Prima abbiamo accennato al suo rendimento: come è stato nel corso del Giro?
Sempre costante, poi è normale che ci sia stata qualche giornata in cui era un po’ meglio e altre in cui era un po’ peggio. Ma nel complesso sono stati valori elevati dalla crono iniziale all’Aquila.
Longo Borghini ha detto che sul Blockhaus erano un po’ più bassi rispetto ai suoi standard: perché?
Sono stati un pelo più bassi, ma questo dipendeva dal grande caldo che c’era. Certe temperature li fanno abbassare, vale per tutti. Gli atleti tante volte hanno riferimenti assoluti. Magari lei aveva in testa quello fatto al San Pellegrino, ma un conto è fare certe prestazioni a 18 gradi e con due giorni di carico alle spalle, e un conto al settimo giorno di gara e con quasi 40 gradi: è normale che calino.
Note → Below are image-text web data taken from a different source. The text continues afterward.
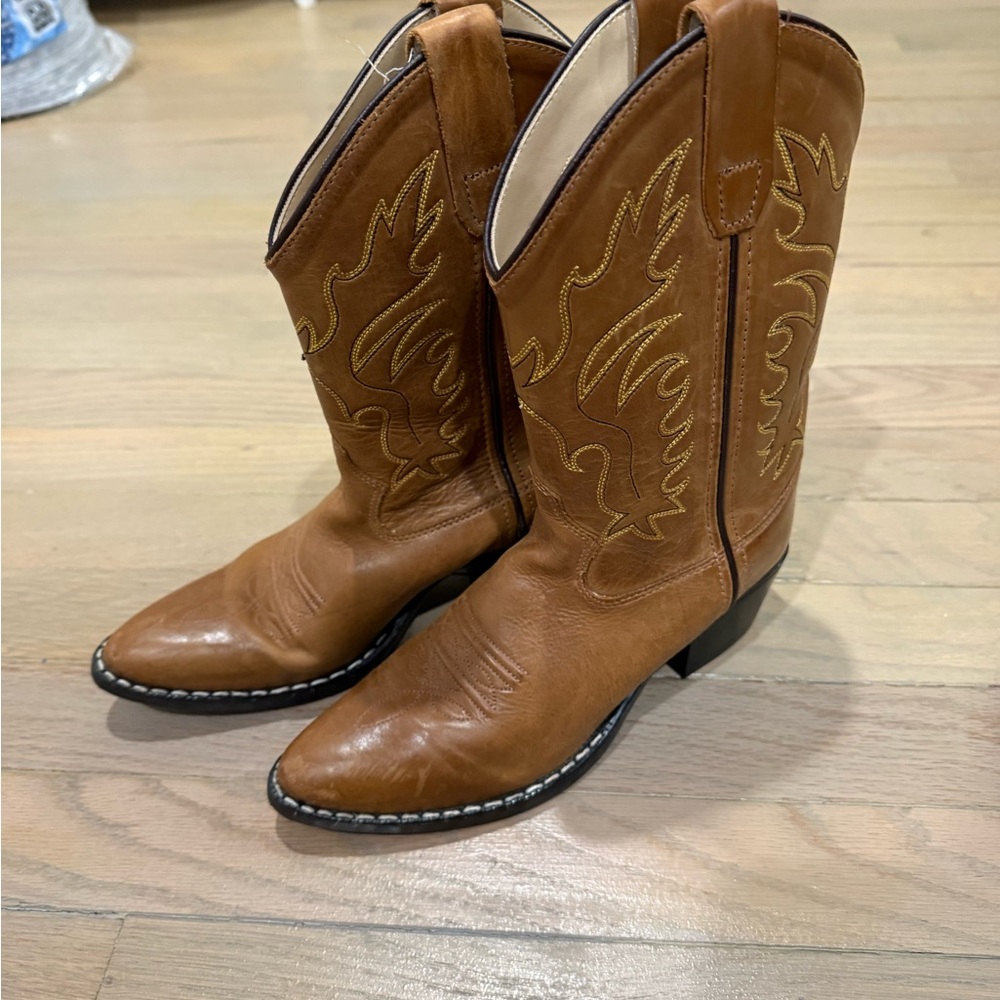 Old West Cream Cowboy Boots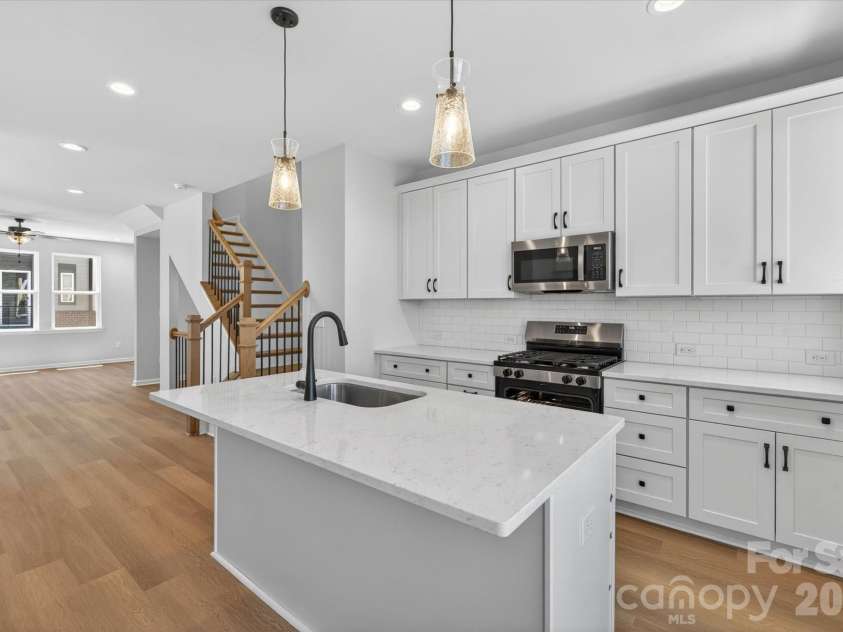 1618 Spring Street, Charlotte, NC 28206.  MLS# CAR4316240, YatesRealty ID 6033. Kitchen/Dining/Living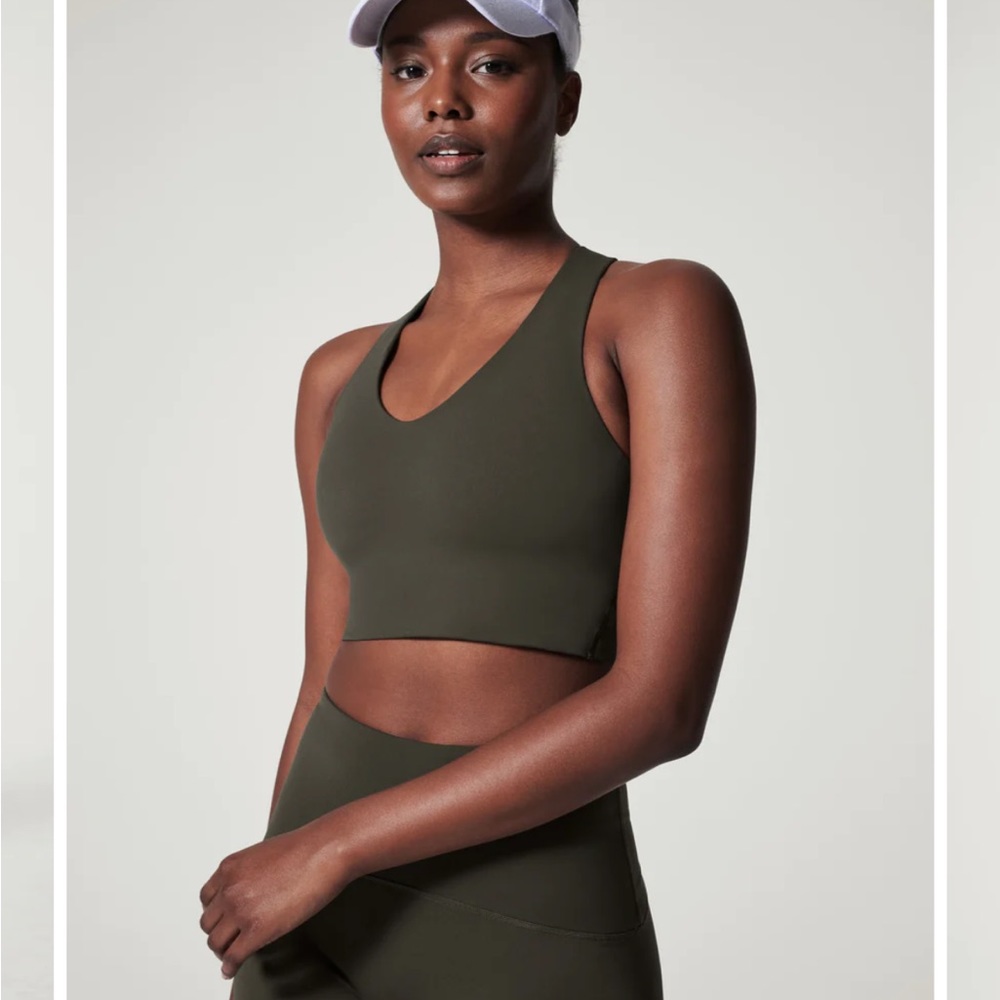 Spanx Longline Medium Impact Sports Bra size medium. Dark palm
Ultima domanda, Paolo, da dove nasce realmente la vittoria di questo Giro Women?
Nasce tre anni fa, quando arrivato anche io in questo gruppo, Elisa mi disse che voleva migliorare a crono e fare classifica nei grandi Giri. Se invece devo entrare nello specifico di questo Giro, è iniziato con i primi ritiri in autunno, quando tutti insieme abbiamo buttato giù i programmi della stagione. Quindi le classiche fatte bene e il lavoro per quelle. Lo stacco. La Vuelta corsa in ottica Giro e ora il blocco Giro e Olimpiadi, passando per un Tour non da leader… E questo scrivetelo!
Perché?
Perché non vorrei che qualcuno si montasse la testa e magari si aspettasse chissà cosa al Tour Femmes. E poi c’è il finale di stagione con un mondiale duro, che molto somiglia ad una classica. Se la testa ci sarà ancora, se non sarà stanca, potrebbe essere un’altra bella occasione per Elisa.